PPPs might arguably appear to be a solution in the short run. It can take decades for the depths of their adverse impact on healthcare delivery to appear. Governments in countries like the United Kingdom which were early proponents of the PPP model in the 1980s, now criticize the costs of such private financing initiatives. But, as a report of the Jubilee Debt Campaign at the end of last year reveals, they continue to promote this failed model in Africa and other parts of the developing world.

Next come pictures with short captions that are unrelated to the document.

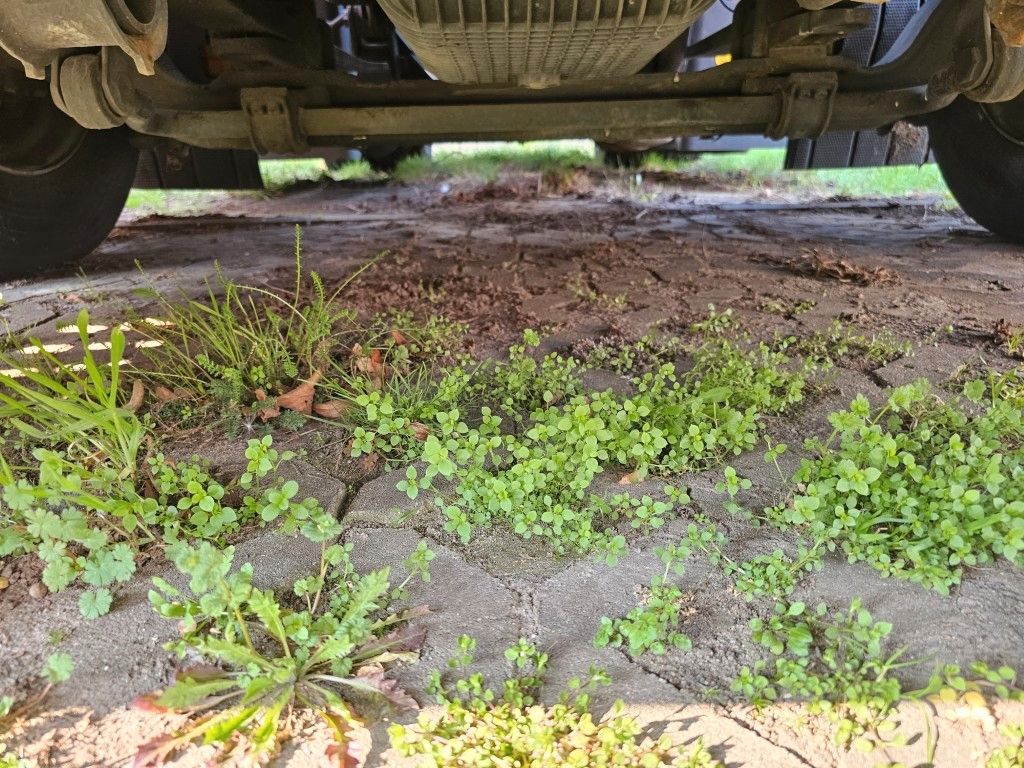 Fahrzeugabbildung Iveco 460 Hi Way, Standklima, Retarder, Euro 6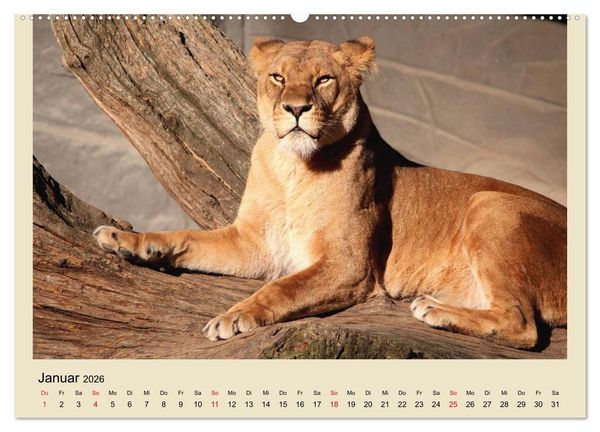 Produktbild: L&ouml;wen im Tierpark Hagenbeck (Wandkalender 2026 DIN A2 quer), CALVENDO Monatskalender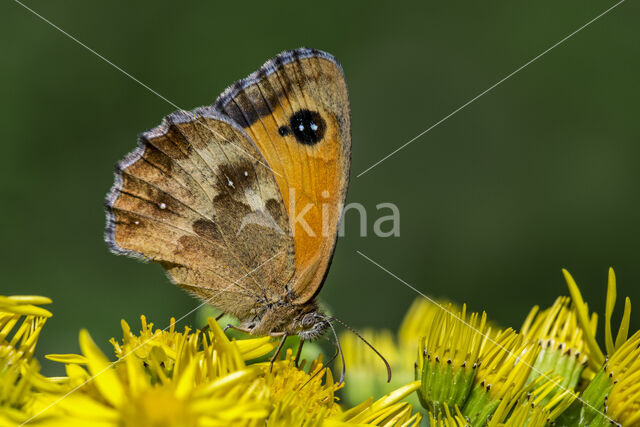 Oranje zandoogje (Pyronia tithonus)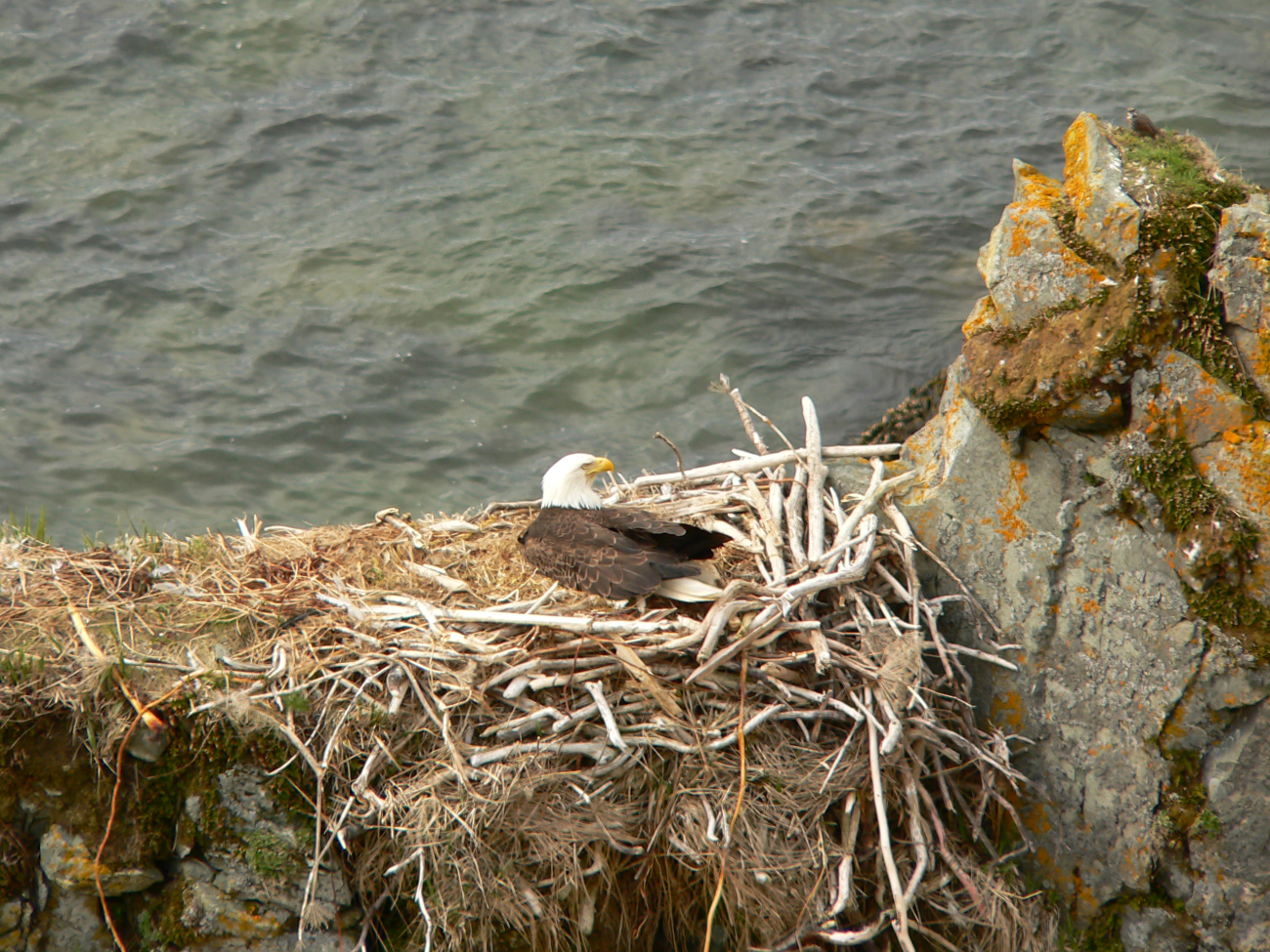 Bald eagle in nest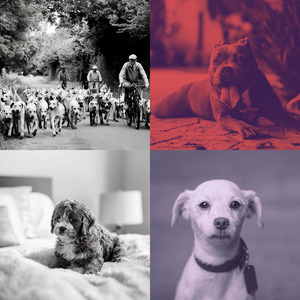 柔和的小狗时刻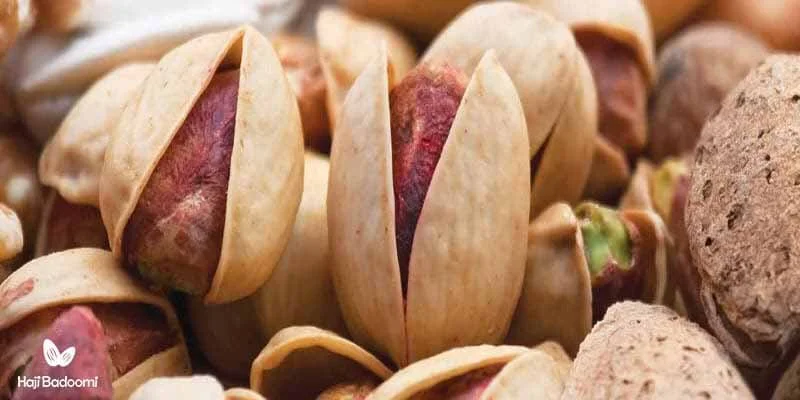 علت نامگذاری و ویژگیهای ظاهری پسته کله قوچی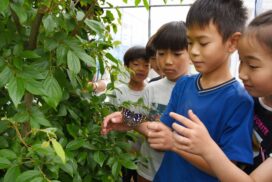 国蝶「オオムラサキ」が今年も羽化。市民団体と明峰小学校の連携による環境教育の取り組み／川西市
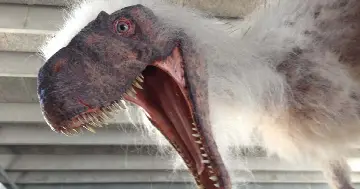 NaturBornholm Cafe Saurus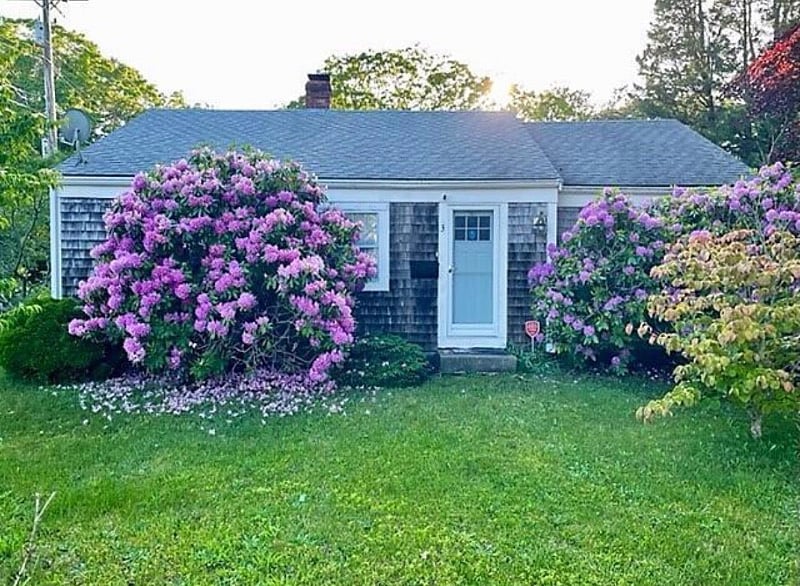 Front yard and front view.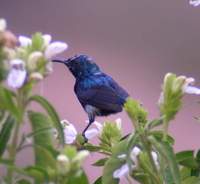 Purple Sunbird (Nectarinia asiatica) 2004. december 30. Bund Baretha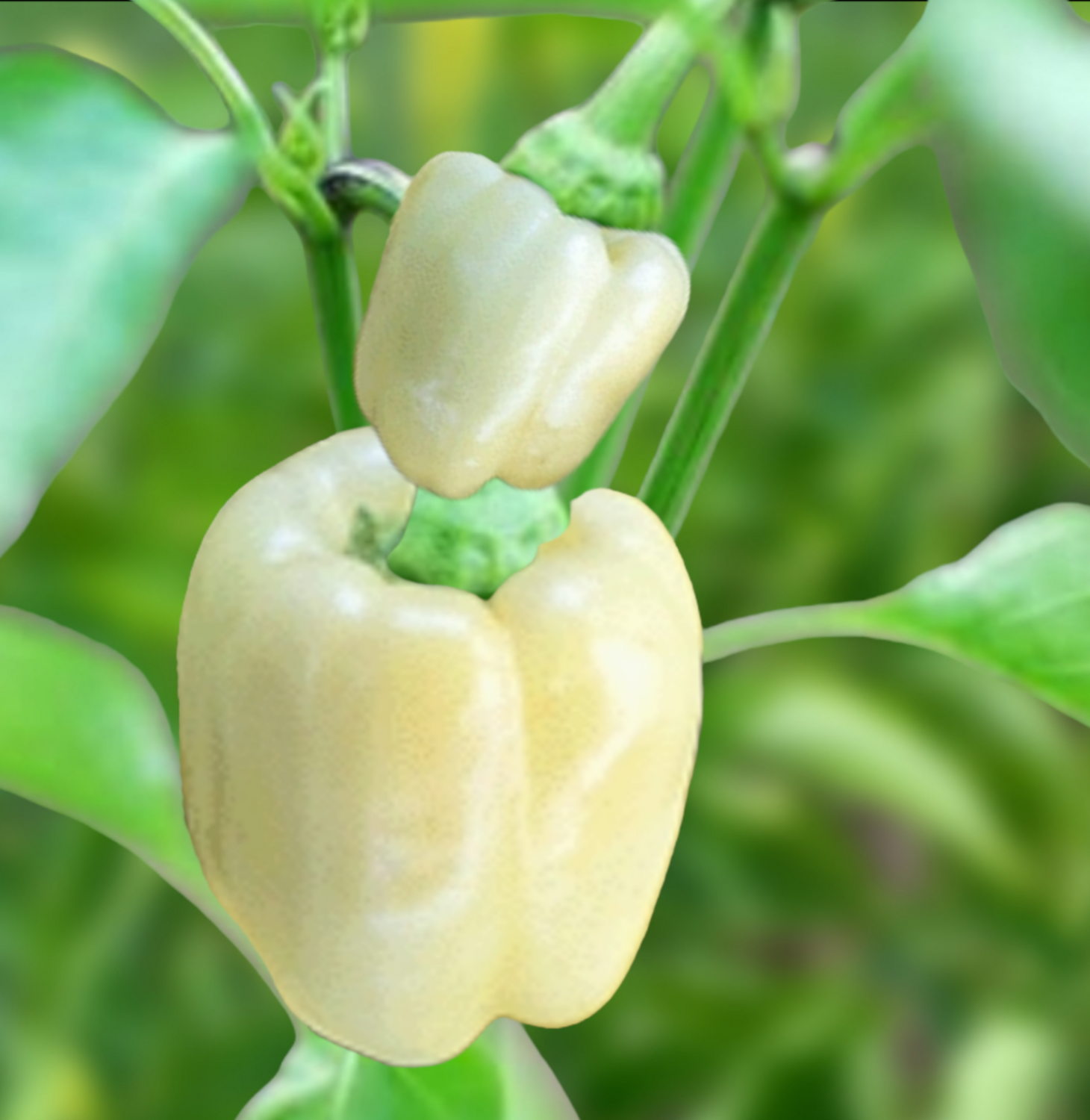 Heirloom Albino Bull Nose Pepper Seeds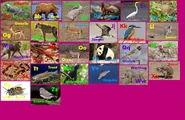 Animal Alphabet 1.png (2.43 MB)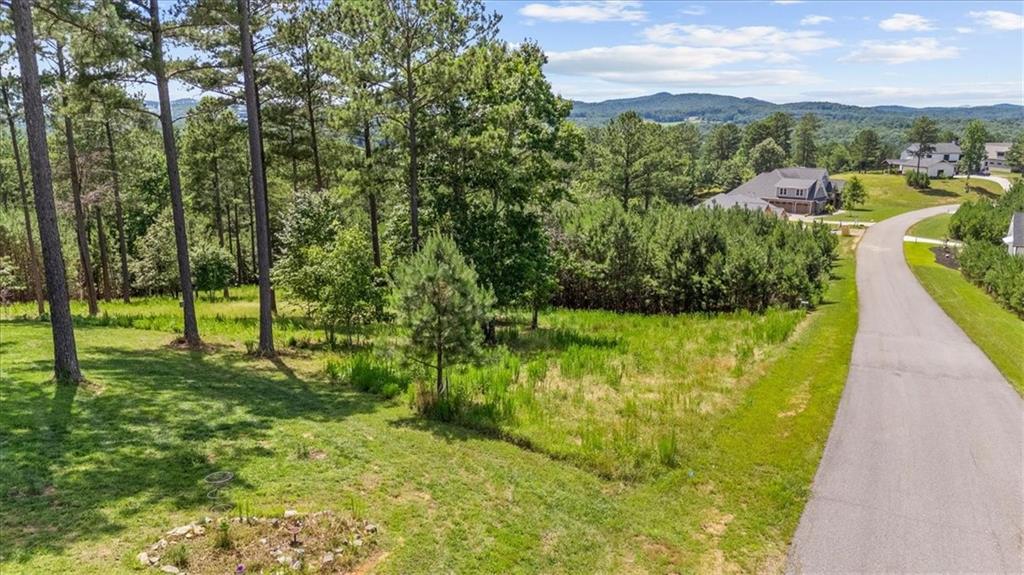 276 Ridge Pointe Way Blairsville, GA 30512 - Photo 8 of 15 a view of a garden with houses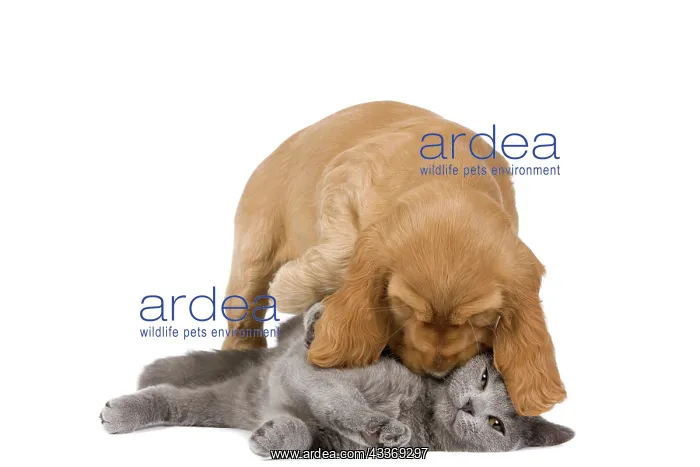 : 80192002 Dog & Cat - English Cocker Spaniel puppy : 80192002 Dog & Cat - English Cocker Spaniel puppy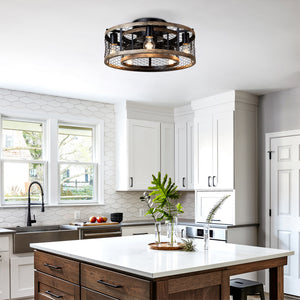20'' Cage Ceiling Fan With Remote Control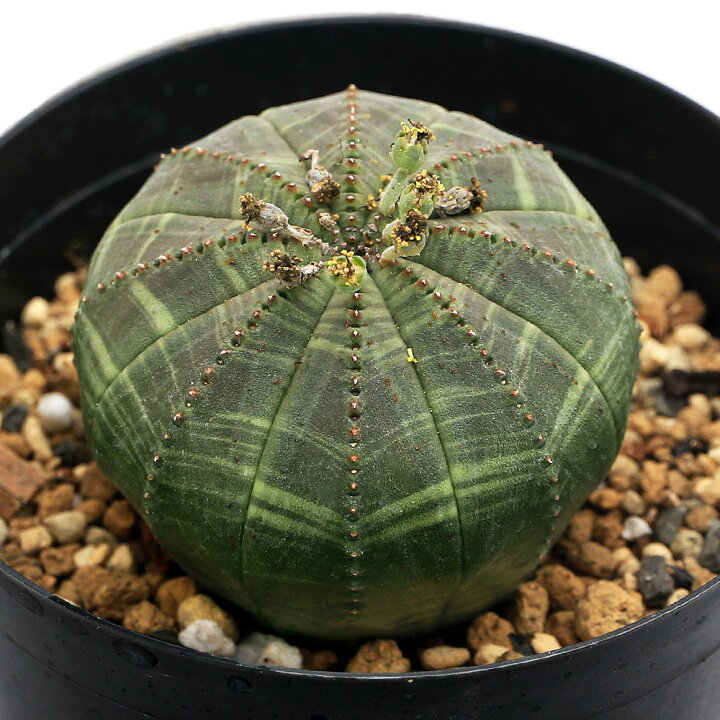 楽天市場】（多肉植物）ユーフォルビア オベサ 雄株 3号（1鉢 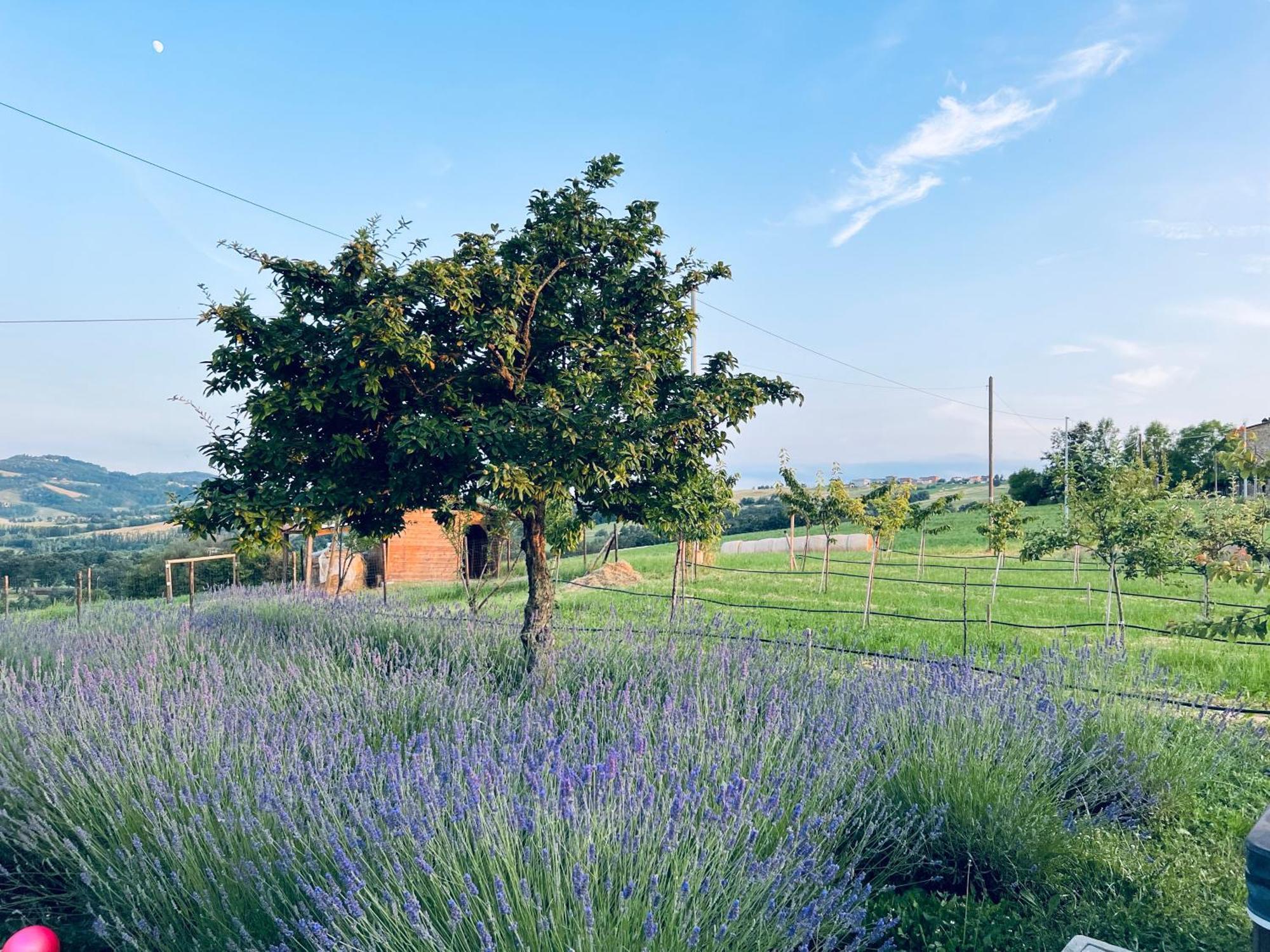 La Baita Nei Boschi Villa Serramazzoni Exterior foto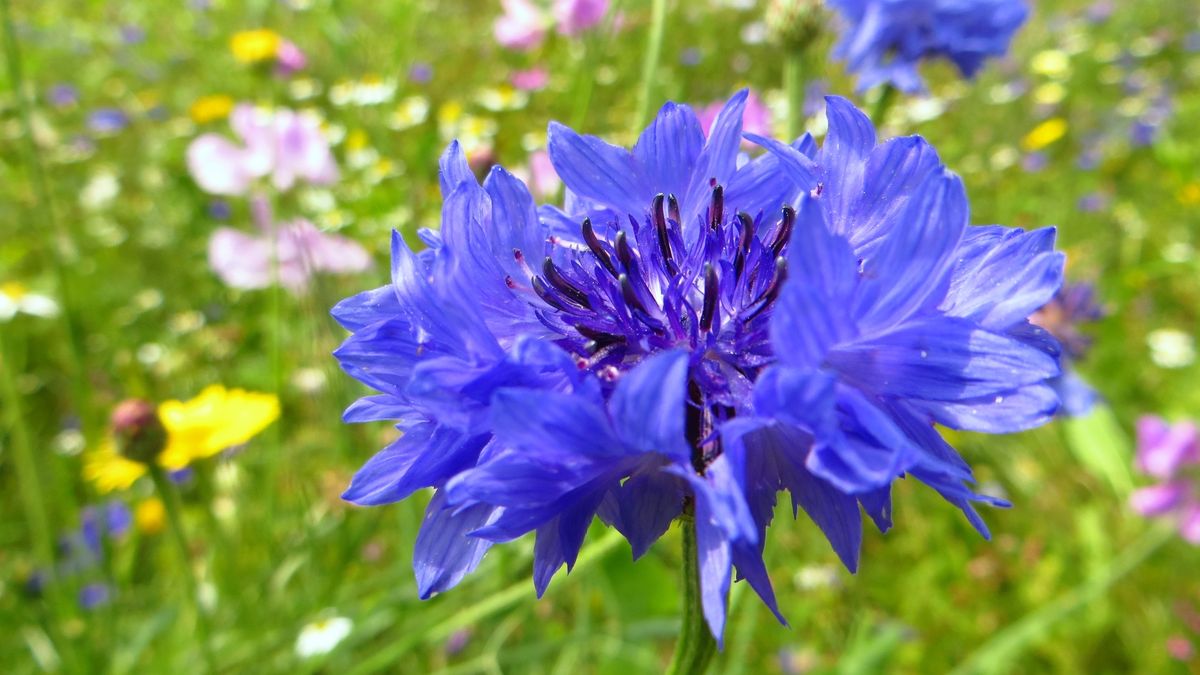Close-Up Of Blue Flower Blooming Outdoors
Antoon Loams / EyeEm
Beauty In Nature, Blooming, Blue, Close-Up, Cornflower, Day, Flower, Focus On Foreground, Fragility, Freshness, Growth, Nature, No People, Outdoors, Petal, Harskamp, Netherlands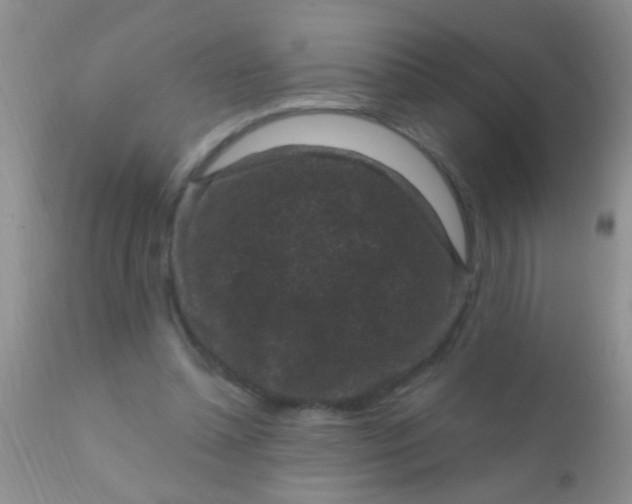 X0000110940348200907022138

However, in a stunning concurrence with the fact that “Public Private Partnerships suffer from widespread shortcomings and limited benefits,” the European Court of Auditors recently stated that “EU co-financed Public Private Partnerships (PPPs) cannot be regarded as an economically viable option for delivering public infrastructure.” There can hardly be any more damning assertion for PPPs to be rejected in conceptualising a meaningful future for health in Africa.

On the contrary, policy-makers can draw inspiration from a new study published in the British Medical Journal in March 2018. It shows, with a seven-year proactive community case management (ProCCM) pilot intervention, that; expanding “free healthcare to everyone” is both possible (even in one of the poorest countries in Africa), and necessary for achieving significant improvement in health outcomes.

Health is a fundamental human right and can be so realised only as universal public healthcare, where children, women and men do not die because they cannot afford quality healthcare or go bankrupt to meet health expenses.

The neoliberal model of maldevelopment which prioritises profit over people should be jettisoned for a social model of sustainable development with people at its centre. PSI and its affiliates in Africa and around the world are committed to this. We will continue to mobilise for this pathway to a better future. Our health is not for sale.